The Shai-hulud self-replicating worm’s dangerous new variant is burrowing into new territories in its latest attack, flaunting features that threaten not only the npm code repository, but also GitHub and the cloud ecosystem — and to boot, it features new wiper functionality.
Researchers from Trend Micro have revealed advanced capabilities of Shai-hulud 2.0, a variant of the worm that emerged in November, a mere two months after it first spread across open source npm packages with a wormable attack that can compromise the software supply chain.
The findings also come a week after researchers at Wiz revealed a variant “that executes malicious code during the preinstall phase, significantly increasing potential exposure in build and runtime environments.”
Shai-hulud, which presumably takes its name from the dreaded sandworm of the Dune novel and film series, is now stealing cloud credentials and using them to “access cloud-native secret management services,” while also exhibiting a previously unveiled destructive code that wipes user data if the worm is unsuccessful in harvesting it, according to a recent blog post by Trend Micro researcher Jeffrey Francis Bonaobra.
“It can steal credentials from [Amazon Web Services], [Google Cloud Platform], and Azure cloud providers, which can contain API keys, tokens, and passwords, along with npm tokens and GitHub authentication credentials,” he wrote in the post.

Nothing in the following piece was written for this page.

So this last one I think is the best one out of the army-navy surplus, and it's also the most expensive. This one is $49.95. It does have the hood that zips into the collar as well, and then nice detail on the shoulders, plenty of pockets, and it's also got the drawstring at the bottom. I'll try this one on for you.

Cloud Credentials at Risk From Worm
Beyond stealing static credentials, the malware uses stolen cloud credentials to access cloud-native secret management services, retrieving secrets from AWS using the AWS Secrets Manager API, extracting Google Cloud secrets through the GCP Secret Manager API, and collecting Azure secrets via Azure Key Vault.

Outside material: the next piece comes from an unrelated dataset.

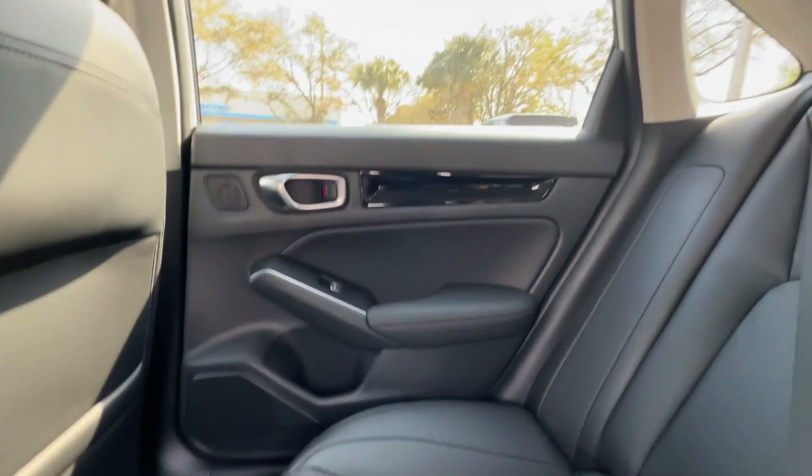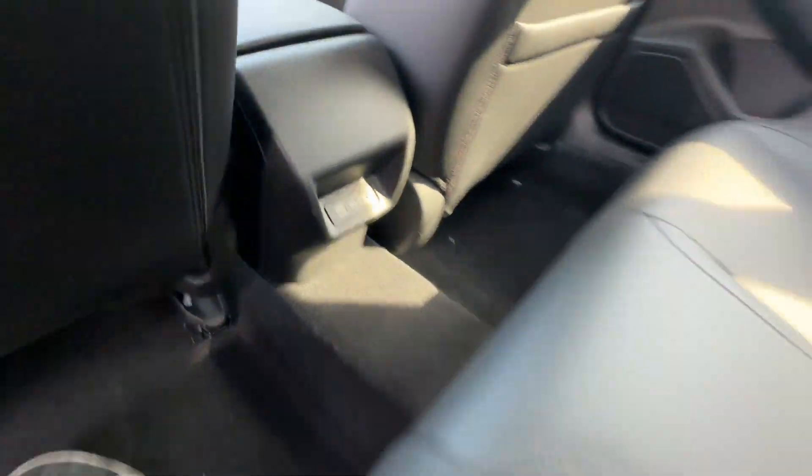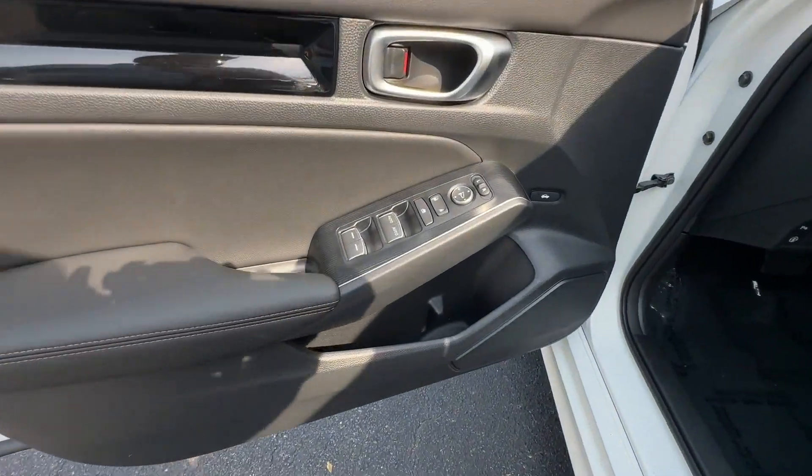side view mirrors with turn signals, lane departure warning, satellite radio, navigation, premium sound system, multi-zone air conditioning, and blind spot monitor,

The malware also targets credentials from Azure Pod Identity, a legacy system that remains widely used for providing Azure identities to Kubernetes pods, Bonaobra said.
If that’s not enough, the new variant “also automatically backdoors every npm package maintained by the victim, republishing them with malicious payloads that run during package installation,” he wrote.
This capability is an enhancement to its initial attack vector, first detailed by researchers at ReversingLabs, to steal credentials of npm developer accounts and poison packages across their repositories, before going on to republish malicious versions of components maintained by these accounts.